Les JO de Pékin devaient servir au rapprochement entre la Chine et les pays occidentaux. C'est bien ce qui est en passe de se produire. Mais pas vraiment dans le sens espéré. L'organisation internationale pour les télécommunications (ITU, International Telecommunication Union) - organisation membre des Nations Unies - est en effet en train de travailler à un standard technique permettant de tracer l'origine des communications électroniques, une proposition... "Made in China". Réunis cette semaine, les experts du groupe en question (groupe d'étude 17, Q6/17), veulent, avec cette évolution technique des standards du Net, éradiquer des fléaux comme les attaques par déni de service.

Dans le document proposé par la Chine, que se sont procurés nos confrères de Cnet en pointe sur le sujet, il est écrit que le mécanisme IP traceback (permettant de remonter à l'origine d'une communication) "doit être adapté à de nombreux environnements de réseaux comme les différentes méthodes d'adressage (IPv4 and IPv6), différentes méthodes d'accès (par câble et sans fil) et différentes technologies d'accès (ADSL, câble, Ethernet), etc." Et d'ajouter : "pour assurer la traçabilité, les informations essentielles sur l'émetteur doivent être conservées". L'idée de normaliser une technique de la sorte au sein de l'ITU remonte à mai dernier, sur une proposition de Jiayong Chen, un dirigeant de l'équipementier chinois ZTE Corporation.

Les failles d'Internet pour justificatifs

"Connaître la source du trafic est essentiel pour la résolution des problèmes et la protection des infrastructures, et plus récemment pour prévenir des attaques sur le réseau", a expliqué Tony Rutkowski, un des membres de l'ITU travaillant sur la sécurité des réseaux et également vice-président de la société américaine Verisign, dans les colonnes d'Infoword.

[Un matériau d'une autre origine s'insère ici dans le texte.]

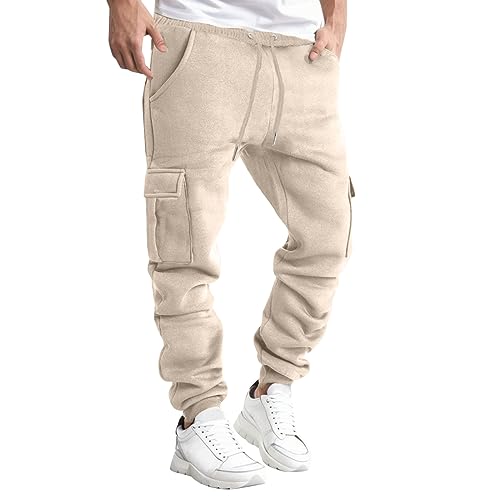 XUNRYAN Men's Cargo Pants Casual Sweatpants Workout Joggers Hiking Drawstring Stretch Tactical Pants with Multi Pockets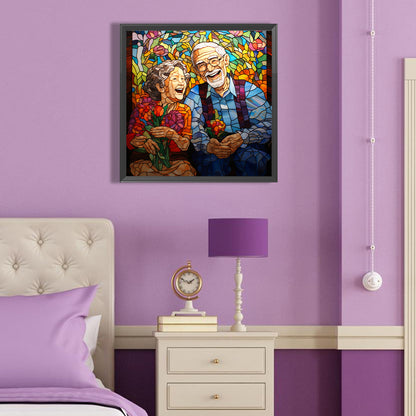 Elderly Couple Glass Painting - Full Round Drill Diamond Painting 40*40CM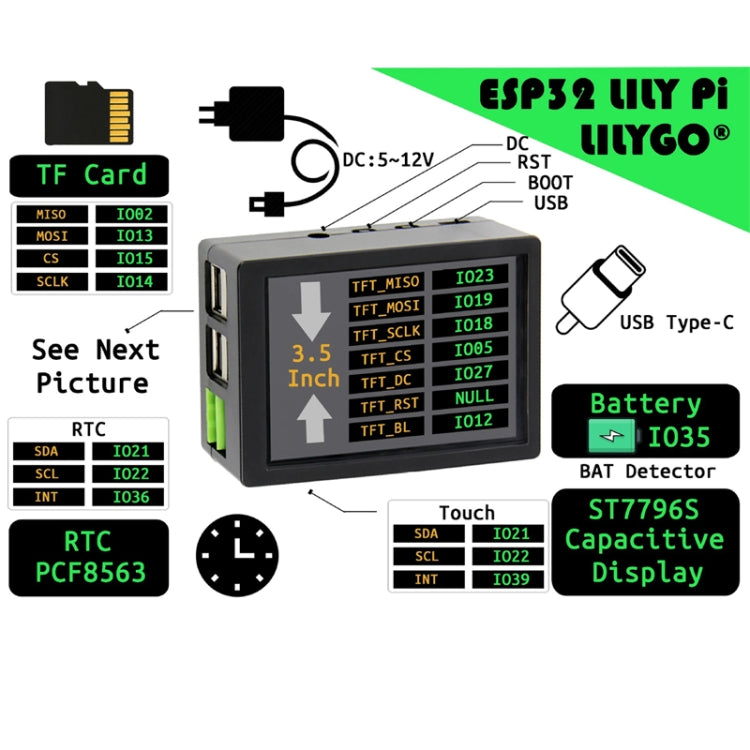 Lily Pi ESP32 Chip WiFi Bluetooth 3.5 Inch Capacitive Touch Screen 5V Relay USB Expansion Port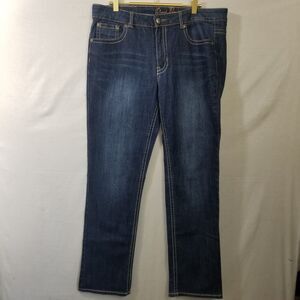 Womens Royal Premium Dark Wash Bootcut Denium Jean's With Button Pocket Size 12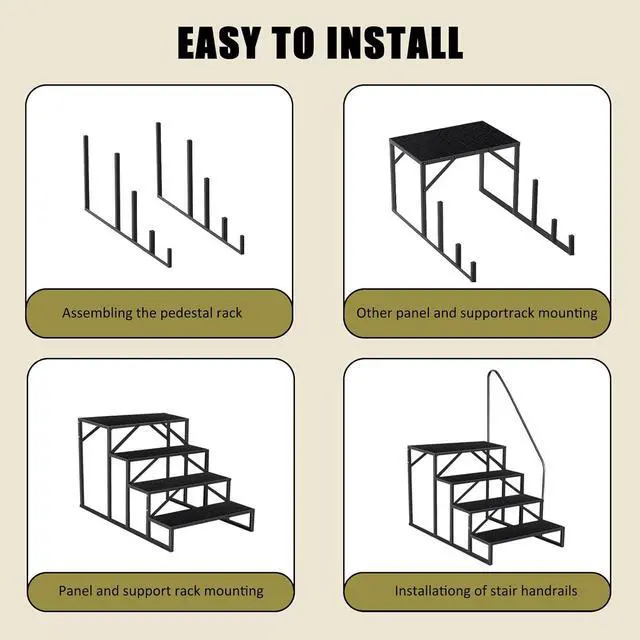 Alt view image 3 of 7 - Step Ladder, Step Stool with Handle, Heavy Duty Pool Ladder Above Ground 660Lbs, Camper Steps Outdoor Steps RV Stairs for Reaching High, Portable Home Stairs for Travel Trailer (4 Step, Single Handle)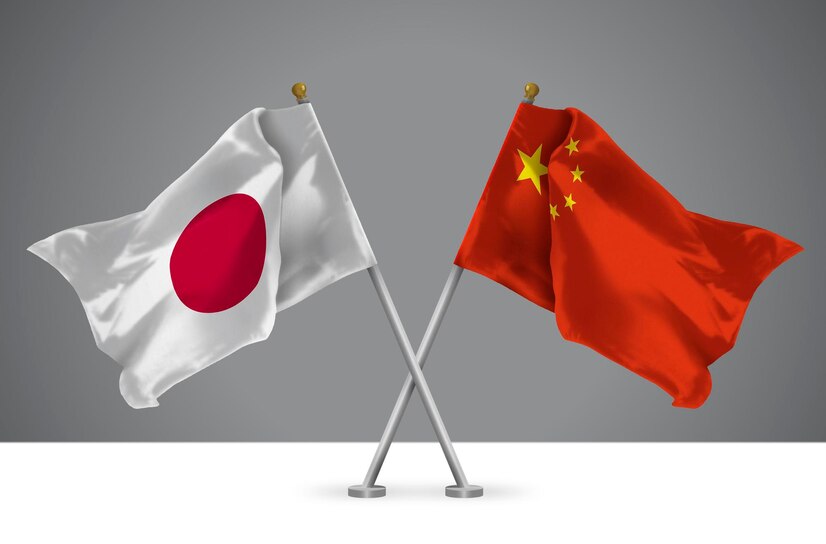 Ilustrasi Bendera Jepang dan China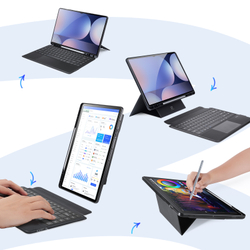 Защитный чехол подставка с клавиатурой (RUS) от Dux Ducis для Samsung Tab S10 Ultra, S9 Ultra и S8 Ultra, серия DK Series Keyboard, русская клавиатура с подсветкой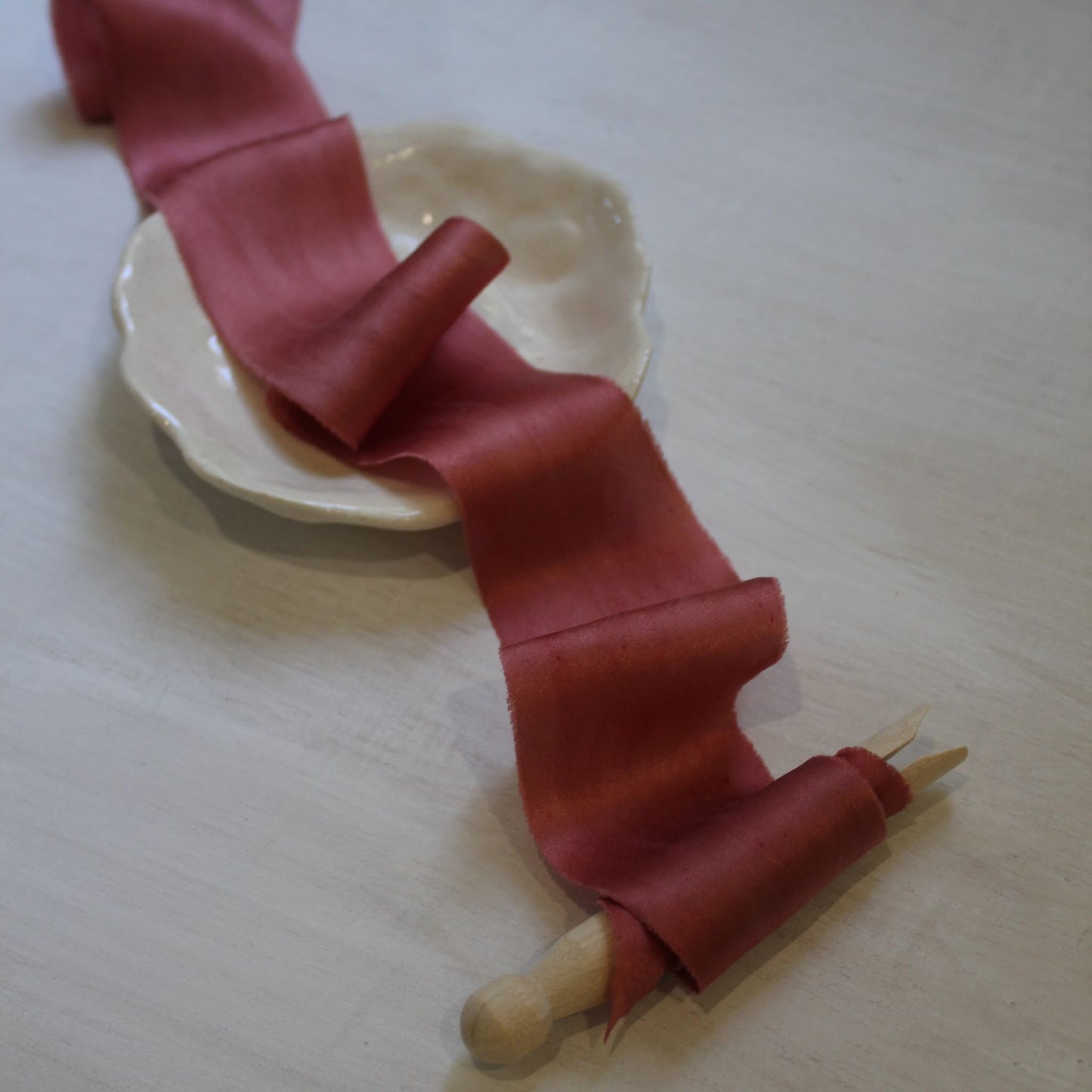 Dusty RED Silk Charmeuse Ribbon Bias Cut LIMITED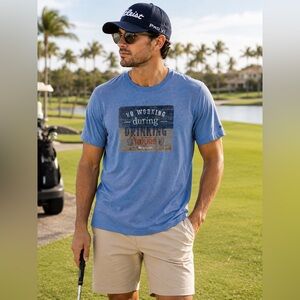 TravisMathew No Working During Drinking Hours Pima Cotton T-Shirt Men’s XL Blue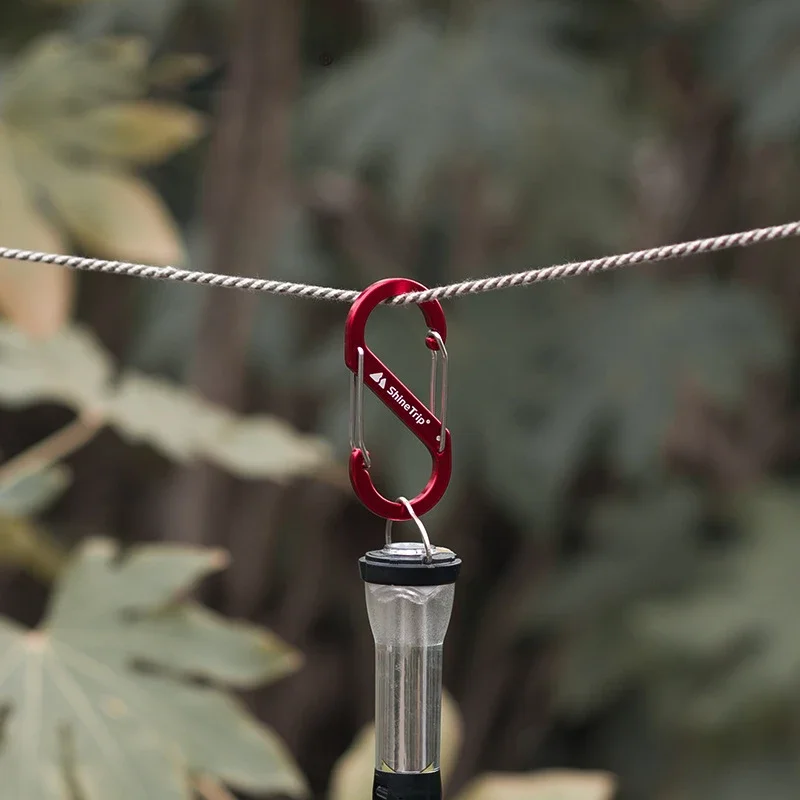 알루미늄 합금 S 모양 카라비너 클립, 야외 클라이밍 캠핑, EDC 스프링 키체인 후크, 이중 잠금 버클, 대형, 4 가지 색상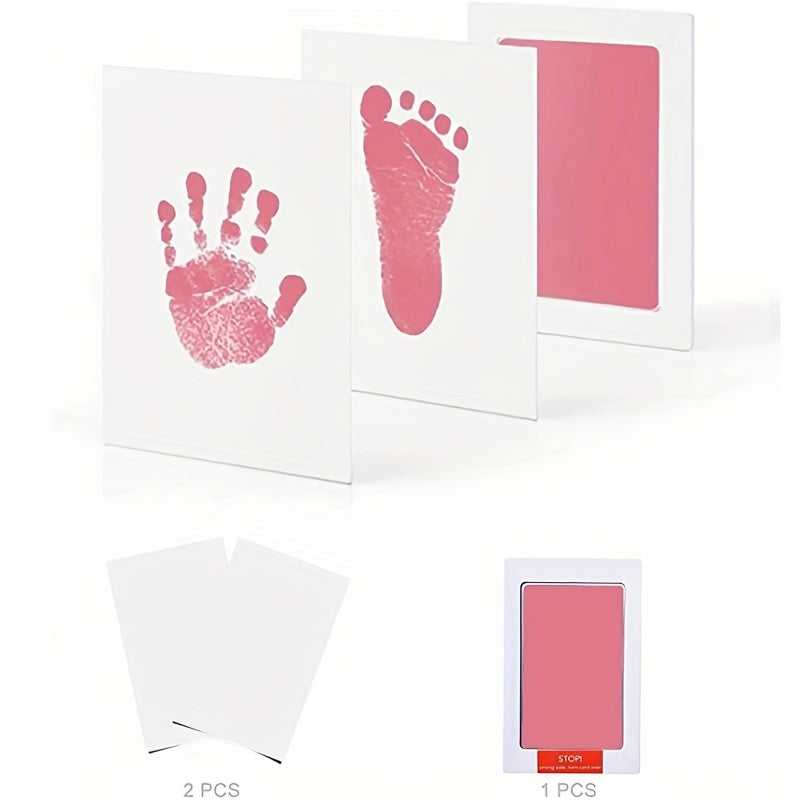 Baby Handprint Kit with No Wash Print Oil and Souvenir for Newborns and Pets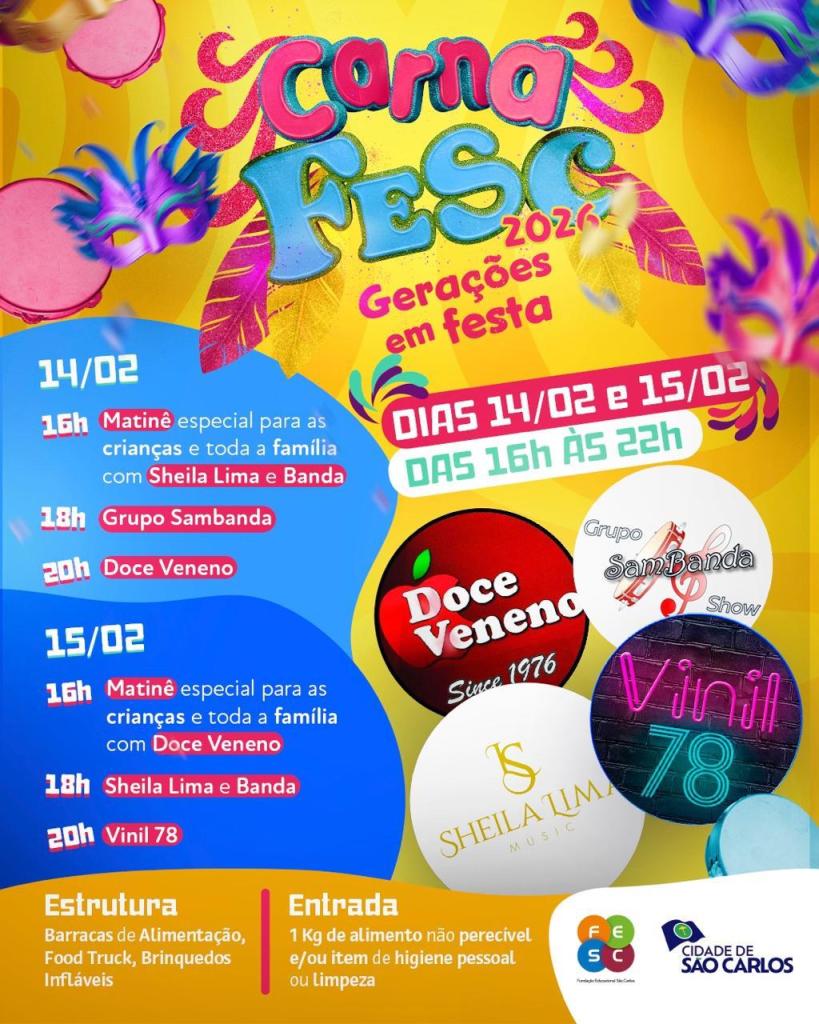 CarnaFesc: Carnaval da Fesc 2026 promete folia para todas as gerações em São Carlos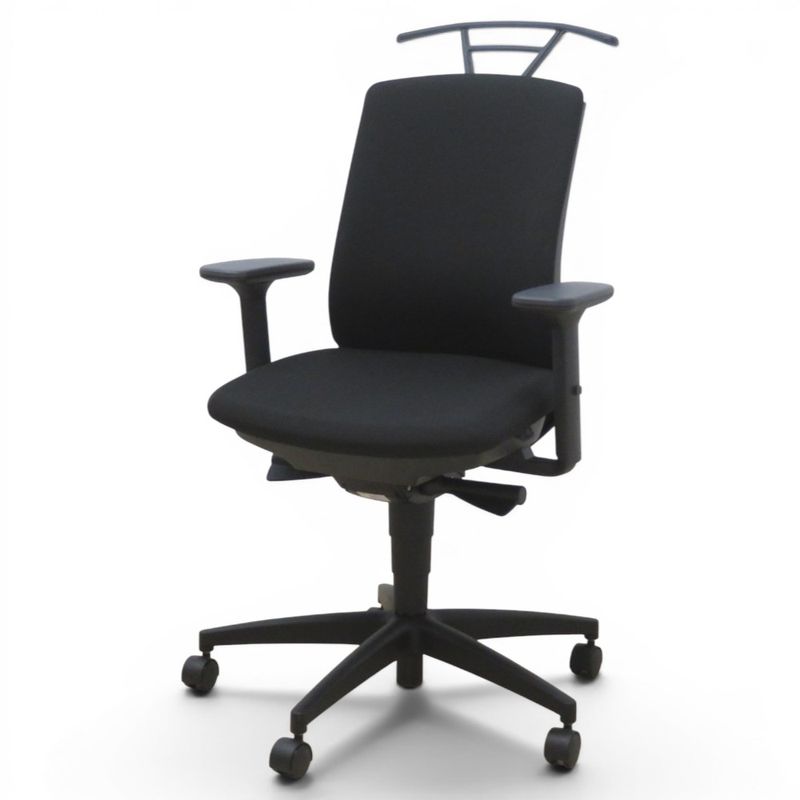 【中古】プラス 肘付オフィスチェア ベネス KD-BN30SL BK ブラック 事務椅子 ハンガー付き 布張り 中古オフィス家具 KK21402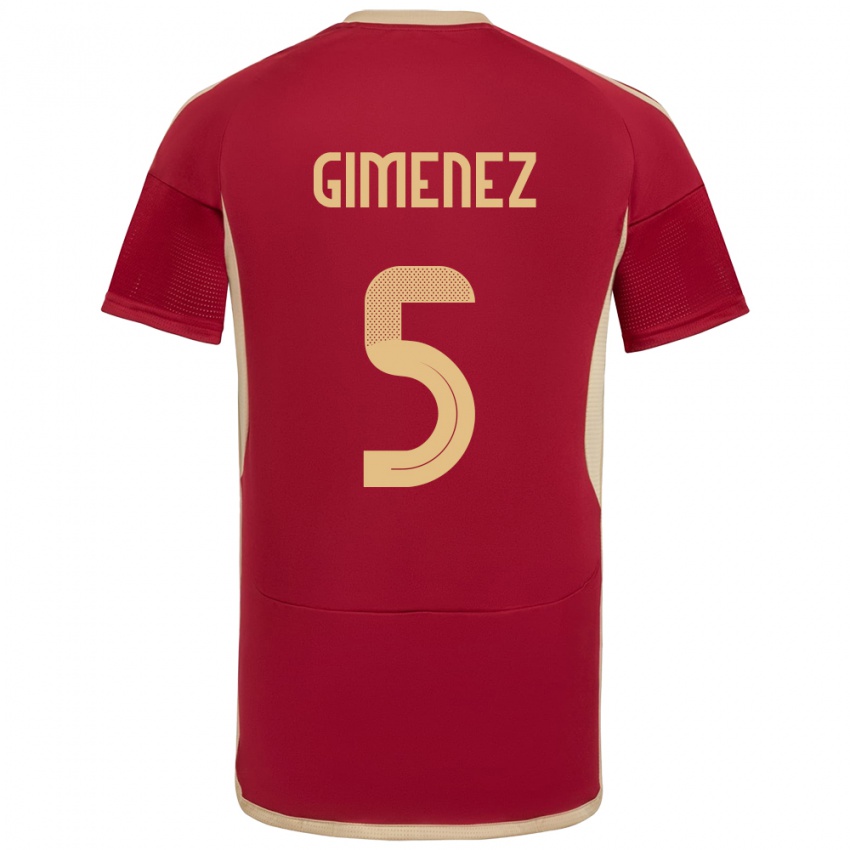 Criança Camisola Venezuela Yenifer Giménez #5 Borgonha Principal 24-26 Camisa Brasil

Une allusion directe à la faille du système de nommage DNS, qui avait fait couler beaucoup d'encre, et à celle du protocole de routage BGP, mise au jour fin août.

Dans nos colonnes, Jean-Michel Planche, un des pionniers de l'Internet en France et créateur de la société Witbe, s'interrogeait alors : "Internet est-il moins “bon” maintenant qu’hier ? Sommes-nous plus en danger, aujourd’hui ? Ne devons nous pas voir là des tentatives de déstabilisation d’un modèle collaboratif qui a parfaitement fonctionné par le passé et qui a permis de connecter plus d’un milliard d’humain, sans organe régalien, centralisateur et castrateur ?"

S'exprimant sur son blog, Steve Bellovin, un chercheur de l'université de Columbia et membre de l'Internet Engineering Task Force, explique qu'institutionnaliser un moyen pour les états d'écraser toute opposition - un des usages possibles d'une telle technique, d'ailleurs benoîtement évoqué dans un document qui semble émaner de l'ITU ! - est en contradiction directe avec la Déclaration universelle des droits de l'Homme. Il remarque également que le concept ne présente plus guère d'intérêt, les attaques par déni de service émanant de trop de sources pour qu'une fonction de IP traceback ait une utilité.